To handle the prefetch requests generated from different context analysis and to guarantee the efficiency of prefetching, the GMC prefetcher supports prefetch priority and adaptive prefetch degree control. The GMC prefetcher supports multiple prefetch queues. Each queue corresponds to one order analysis. The queue with the highest-order analysis has the highest priority when GMC issues prefetches, as the highest-order analysis can generate the most accurate predictions. In the GMC's localfirst prefetch strategy, within each priority queue the prefetches based on local context analysis have higher priority than the prefetches based on global context analysis. Prefetches are issued from the high priority queue first, and when more issue bandwidth is available, prefetches from lower priority queues are issued. This mechanism ensures that prefetches are always issued using the most accurate predictions available. In addition, when a prefetch queue is full, new prefetch requests replace the old ones in a FIFO manner. Note that all prefetch requests have lower priority than demand requests, so prefetch requests are only generated if there is more issue bandwidth available after the demand requests are issued. This design keeps the prefetch requests from competing with demand requests for issue bandwidth.
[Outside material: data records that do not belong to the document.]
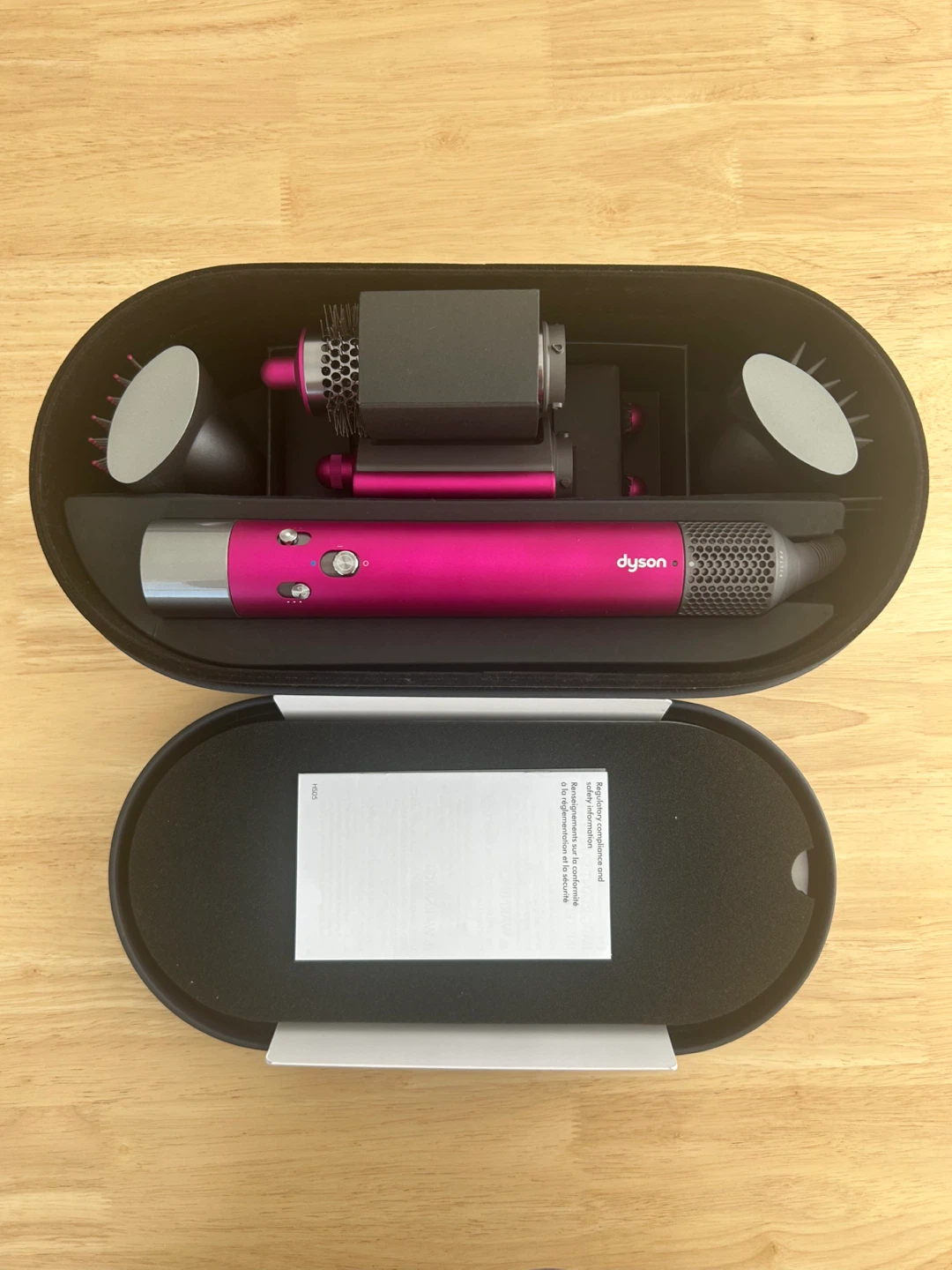 Dyson Airwrap Complete Long - Barely Used (Price Firm)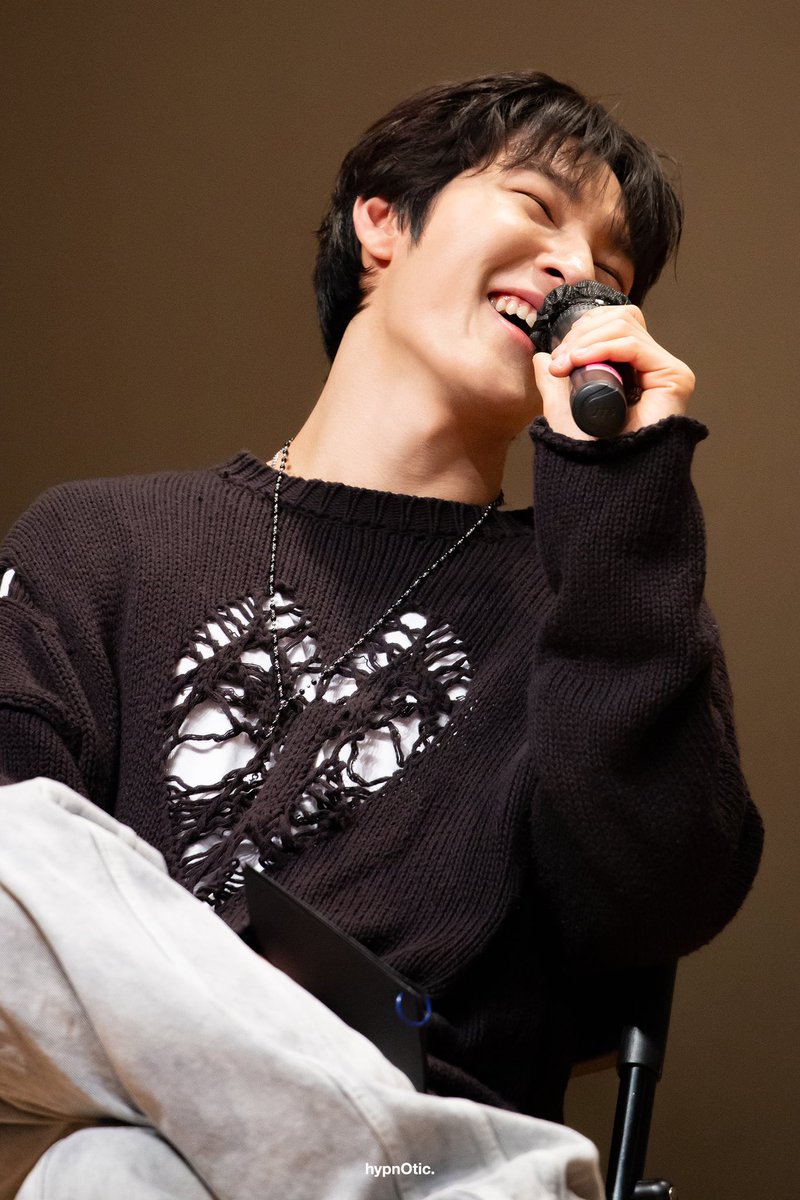 250117
#준지 #junji #김준형
#OnlyOneOf #온리원오브
<a href="/OnlyOneOfmember/">온리원오브</a>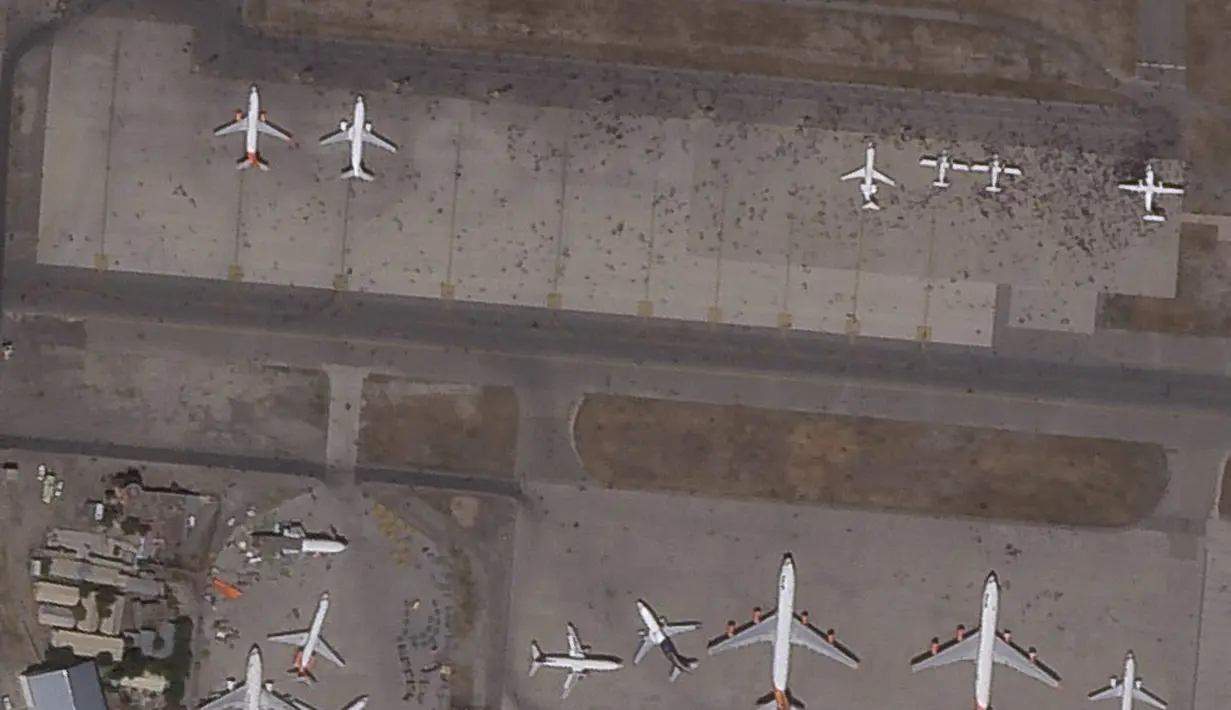 Foto satelit dari Maxar Technologies ini menunjukkan ribuan orang di landasan di Bandara Internasional Kabul, juga dikenal sebagai Bandara Internasional Hamid Karzai, Senin 16 Agustus 2021. (Satellite image ©2021 Maxar Technologies via AP)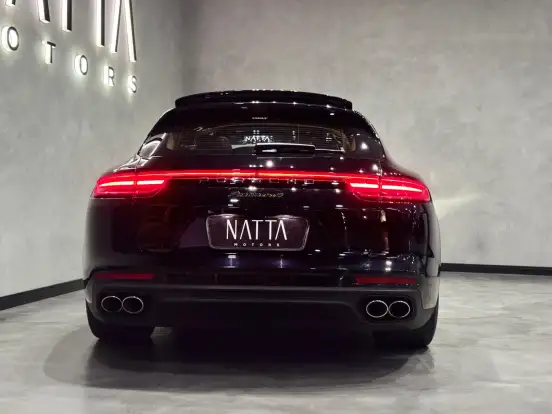 PORSCHE-PANAMERA-2018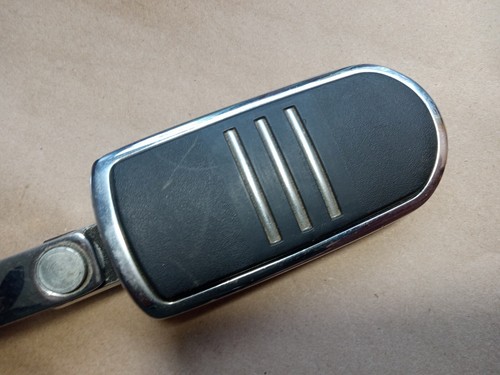 '93 - '23 HARLEY DAVIDSON FLT TOUR GLIDE SET CHROME & RUBBER PASSENGER FOOTPEGS - Picture 2 of 8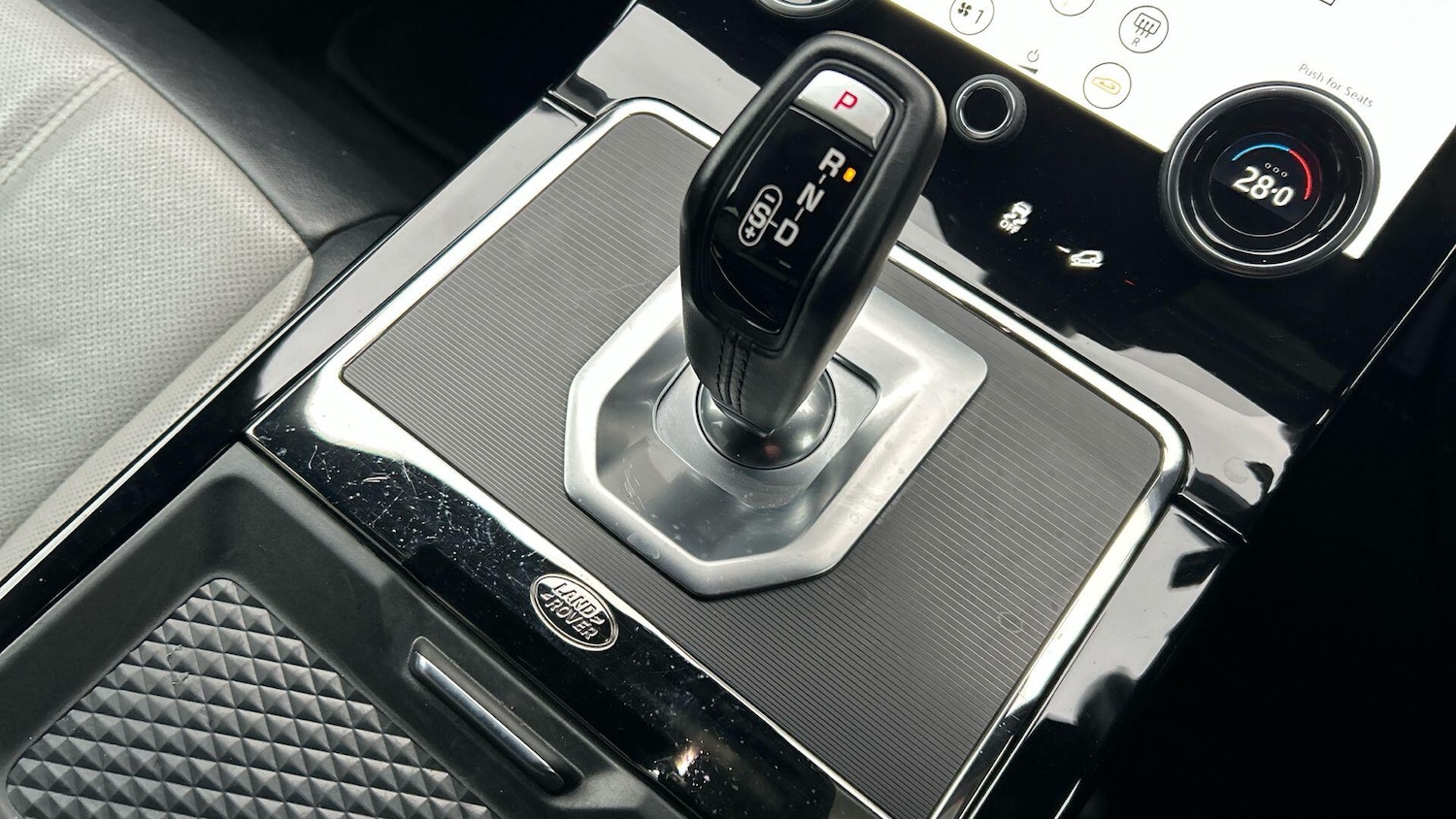 Used Land Rover Range Rover Evoque 2019 for sale - 77425000: Photo 26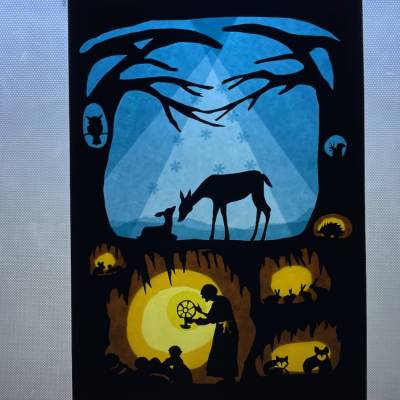 Winterschlaf Mutter Erde mit Wurzelkindern Fensterbild Wald / Tiere / Waldorf / transparent / Fensterbilder /Jahreszei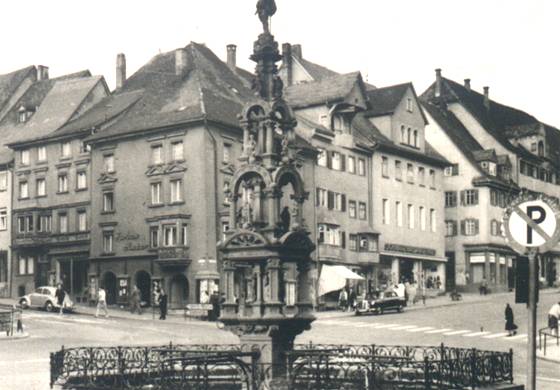 Datei:Ansichten Innenstadt Gebaeude Marktbrunnen Um1960 Marktbrunnen Um 1960 01.JPG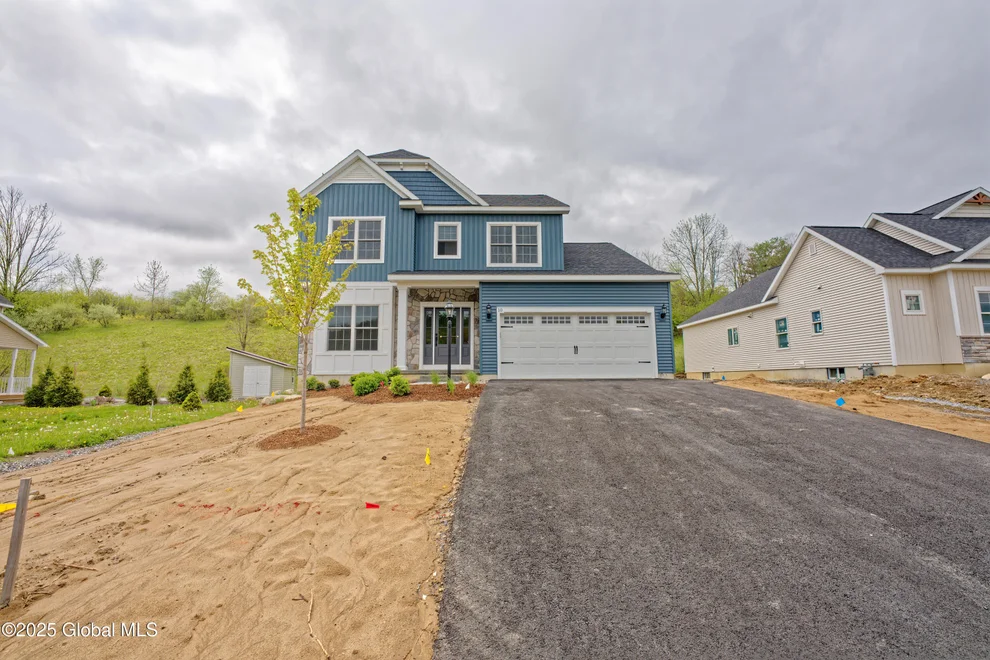 Unit for sale at 10 Quail Run, Voorheesville, NY 12186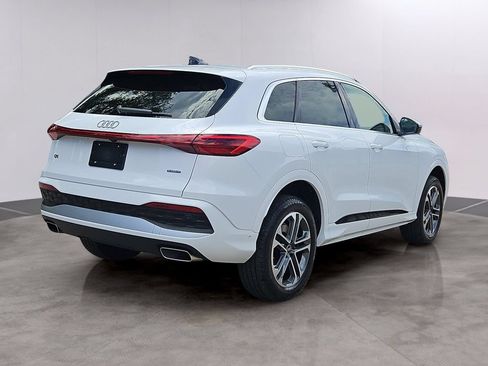 Certified 2025 Audi Q5 Premium w/ Convenience Package AWD/4WD image 4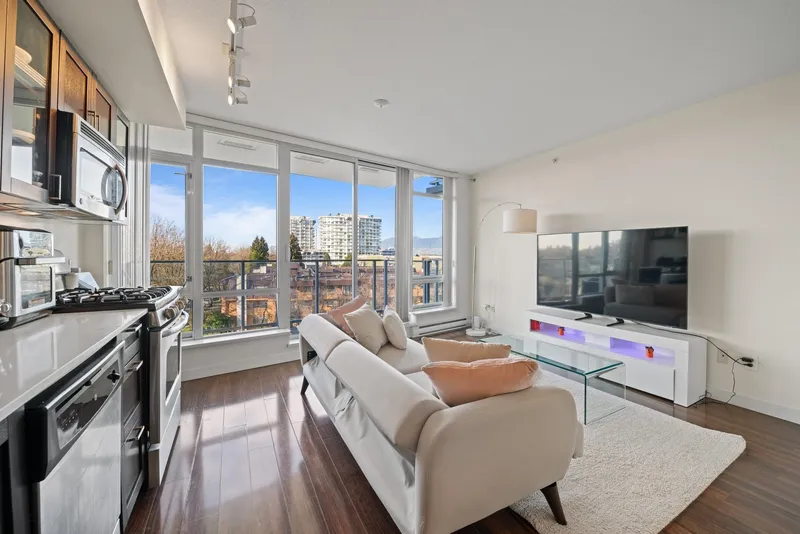 612 4888 NANAIMO STREET - photo 3 of 25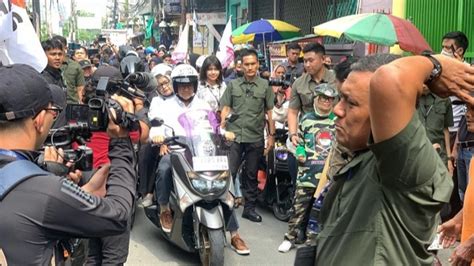 Anies Baswedan Tiba Di Tanah Merah Naik Sepeda Motor Warga Sambut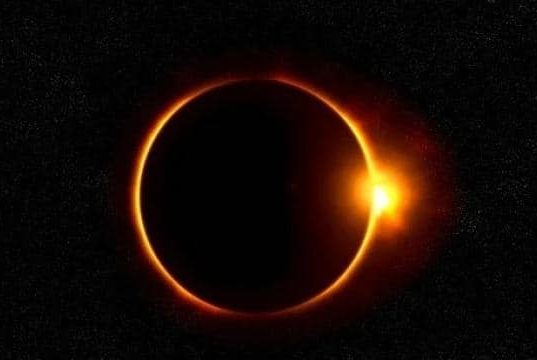 Surya Grahan 2021 - Today's first solar eclipse of the year, know in which states this Ring of Fire will be visible? | आज साल का पहला सूर्य ग्रहण, जानिए किन राज्यों में दिखेगा ये रिंग ऑफ फायर ?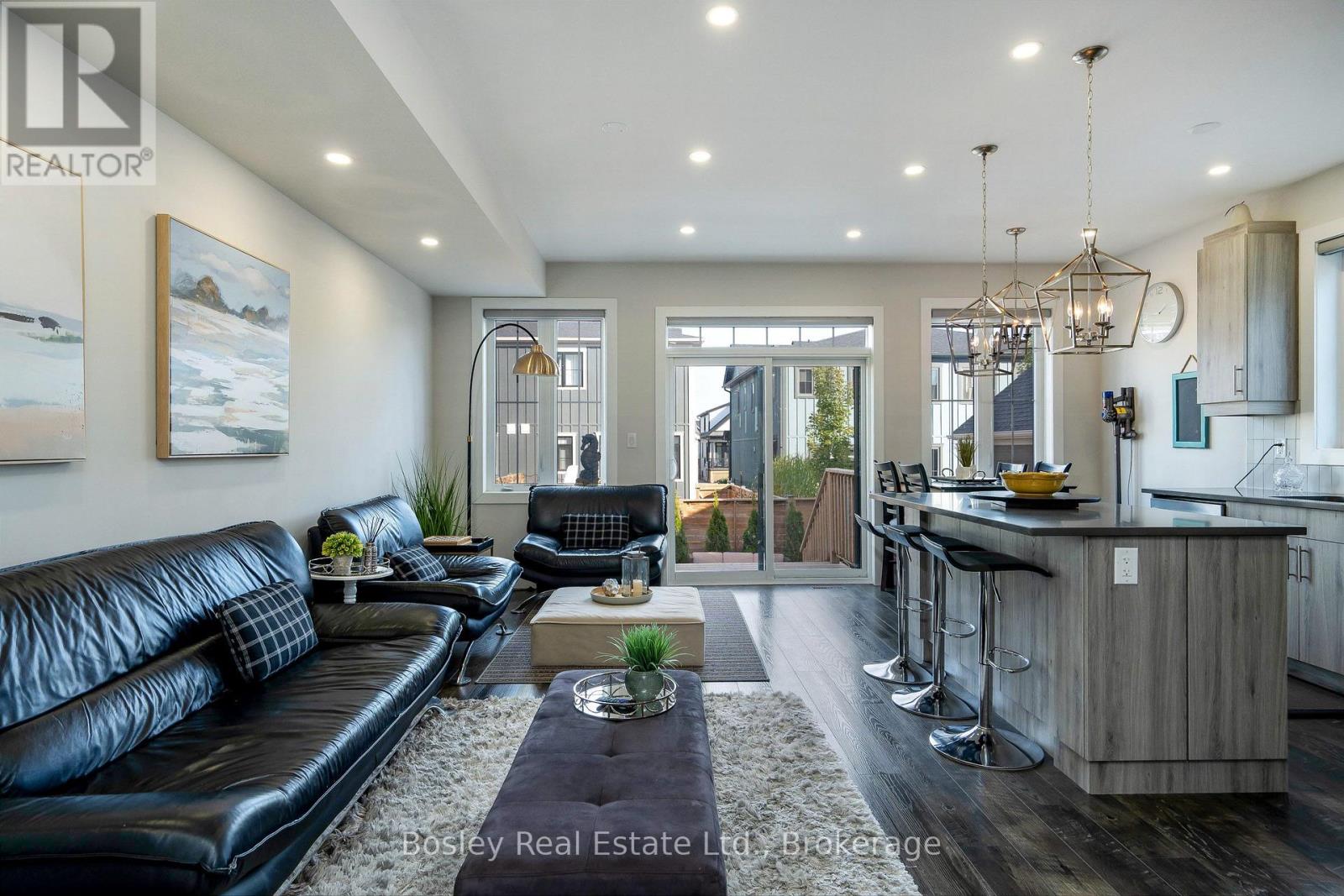 207 COURTLAND STREET, Blue Mountains — photo 3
The prefetch degree is dynamically tuned by tracking the performance trend and bandwidth contention (Ramos et al., 2009). We use Accesses Per Cycle (APC) as the performance metric, which can be measured via hardware counters available on modern commodity processors. The GMC prefetcher checks the APC periodically and either increases or decreases the degree based on the APC value. Within a fixed window of cycles, if the APC is higher than last time it was checked, more accesses can be issued. Thus, the GMC adjusts the degree the same way (increase or decrease) that it did the previous time it checked; otherwise, it adjusts the degree in the opposite direction. Note that increases in APC do not necessarily cause increases in degree—it may be that APC increases when the degree



Figure 7. Multiple prefetch candidates generation.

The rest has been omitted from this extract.